Sandro Alfaro

Personal information
- Full name: Sandro Alfaro Gamboa
- Date of birth: 1 January 1971 (age 54)
- Place of birth: San Carlos, Costa Rica
- Position(s): Defender

Senior career*
- Years: Team / Apps / (Gls)
- 1990–: Puntarenas
- 1994–1996: San Carlos
- 1996–1999: Herediano
- 1999–2003: Alajuelense
- 2003–2004: Cartaginés
- 2004: Puntarenas

International career^{‡}
- 1991–2000: Costa Rica / 27 / (1)

= Sandro Alfaro =

Costa Rican footballer (born 1971)

 Sandro Alfaro Gamboa (born 1 January 1971 in San Carlos) is a retired Costa Rican professional footballer. He played for several clubs in Costa Rica.

==Club career==
Alfaro played for Puntarenas from 1990, Asociación Deportiva San Carlos, Club Sport Herediano, L.D. Alajuelense and C.S. Cartaginés. He won the Primera División de Costa Rica with Alajuelense four times, during the 1999-00, 2000–01, 2001–02 and 2002-03 seasons.

==International career==
Alfaro made his debut for Costa Rica in an April 1991 friendly match against Mexico and has earned a total of 27 caps, scoring 1 goal.
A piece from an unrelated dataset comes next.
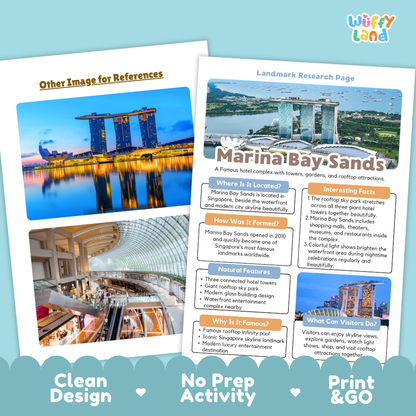 Two printed educational poster sheets about Marina Bay Sands displayed on a white background with promotional text reading 'Other Image References,' 'Landmark Research Page,' and 'Clean Design No Prep Activity Print & GO.' The sheets show a colorful city landmark photo and informational panels.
He has represented his country in 5 FIFA World Cup qualification matches and played at the 1999 UNCAF Nations Cup and the 1997 Copa América.

His final international was a July 2000 FIFA World Cup qualification match against the United States.

===International goals===
Scores and results list Costa Rica's goal tally first.

| N. | Date | Venue | Opponent | Score | Result | Competition |
|---|---|---|---|---|---|---|
| 1. | 2 February 2000 | Estadio Ricardo Saprissa Aymá, San José, Costa Rica | Chile | 1–0 | 1–0 | Friendly match |

==Personal life==
Married to Yendry, they have a daughter called María Fernanda.